Death and the debate

March 21, 1997

In my article on the repercussions within Anglo-Jewry of the death of Rabbi Hugo Gryn, requested by The THES, I sought to explain to a largely non-Jewish audience a complex and confusing dynamic. As the official historian of the Federation of Synagogues, and a member of its executive, I have my own views on the "Chief Rabbinate" (an office to which the federation does not contribute and to which it owes no allegiance). However, I respect my fellow Jews of all faiths, and am proud to have accepted invitations to address Reform Jewish audiences, and to have written for Reform publications.

I did not refer to the Reform Synagogues of Great Britain, the organisation Mr Hyman represents but to the "reform movement". Mr Hyman admits that elements of his movement joined with others in raising the hue and cry against Rabbi Dr J. H. Sacks following Rabbi Gryn's death.

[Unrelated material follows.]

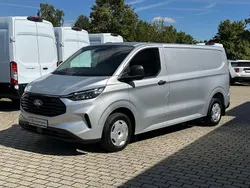 Silber Gebraucht 2024 Ford Transit Custom Trend Van / Kleinbus | 30.450 € (Fairer Preis)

Mr Hyman contends that it was Rabbi Sacks who requested the "memorial meeting" held on February 20. This explanation runs counter to that given by Dr Sacks himself in a private letter (printed in the Jewish Chronicle of March 14) to Rabbi Chenoch Padwa, of the Union of Orthodox Hebrew Congregations making clear his view that, had he not attended the memorial meeting, the Reform movement would have established its own "Chief Rabbinate". This option has always been open to reformers, and that Rabbi Sacks's attendance at the meeting only exacerbated divisions within Jewish communities in Britain.

I have never been part of any campaign (personal or otherwise) either to discredit the chief rabbinate or to malign reform Judaism. However, I believe it my duty to dispel myths and as a result I have been the object of personal abuse of which Mr Hyman's letter is a fair example. Within Anglo-Jewry I can only be described as of anomalous insignificance.